ATTACK ON CHRISTIAN MARRIAGE AND THE MAGISTERIUM  BY  THE  CLEVELAND DIOCESE
Open Letters to Bishop Anthony M. Pilla and Archbishop Gabriel Montalvo
publicized by Save Our Church, Medina OH

March 10, 2004

Archbishop Gabriel Montalvo
Apostolic Nuncio to United States of America
3339 Massachusetts Avenue, NW
Washington,DC20008

Most Reverend Gabriel Montalvo,

On behalf of local parishioners we are submitting to you the following documentation of serious dissent from Catholic faith being disseminated in the Cleveland Diocese some of which has the imprimatur of Bishop Anthony M. Pilla.

Sincerely yours,

David J. Webster

Save Our Church, P.O. Box 1404, Medina, OH 44258,  dwebster@saveourchurch.org
 



 
March 10, 2004

Bishop Anthony M. Pilla
1027 Superior Ave
Cleveland, OH 44114-2560
bishop@dioceseofcleveland.org

Your Excellency:

We are writing to advise you of our concerns about the information distributed and recommended by the Coordinator of Catholic Divorce Recovery regarding divorce, separation, and annulment.  Please see the attached outline sent to Gayle Cilimburg (Pastoral Associate at St. Christopher Parish,) in which we describe our observations and questions.
 
Of particular concern are the apparent inconsistencies between the Dioceses’ publications and those from our sacred Pastors at the Vatican. We would sincerely appreciate any help you could provide in clarifying the meaning of certain excerpts from the Catechism, canon law, the Pontifical Council for the Family, the Congregation for the Clergy, Vatican II, and from our Pope's teachings, which are all quoted inthemessage to Gayle Cilimburg.
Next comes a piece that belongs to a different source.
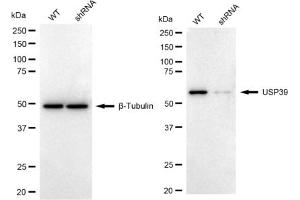 Western blotting analysis using USP39 antibody (ABIN7800734).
1) If there is not an immediate danger, does canon 1153 §1 require one to get the approval from the local ordinary or ecclesiastical authority before separating from one's spouse? Who is this local ordinary or ecclesiastical authority? (1153 §1. If either of the spouses causes grave mental or physical danger to the other spouse or to the offspring or otherwise renders common life too difficult, that spouse gives the other a legitimate cause for leaving, either by decree of the local ordinary or even on his or her own authority if there is danger in delay.) 

2) What does canon 1153 §1 mean by the term too difficult, or according to another translation, the term unduly difficult?

3) According to the Catholic Church, if living with one's spouse does not threaten the souls or bodies of family members, does one have the right to get separated because one concludes (either independently or with the counsel from a local ordinary or ecclesiastical authority) that marriage is too hard when either of the spouses loses the feeling of love for the other, feels bored, disagrees on issues, has trouble communicating, wants to be with a new partner, doesn't experience the communion of life which they had expected, wants to believe the marriage is irretrievably broken down, disagrees on how to raise the kids, is tired of one's dull spouse or overactive spouse, is selfish, tired of one's passive spouse or controlling spouse, feels the one isn't being affirmed enough, or doesn't have an exciting enough sex life, and other such reasons?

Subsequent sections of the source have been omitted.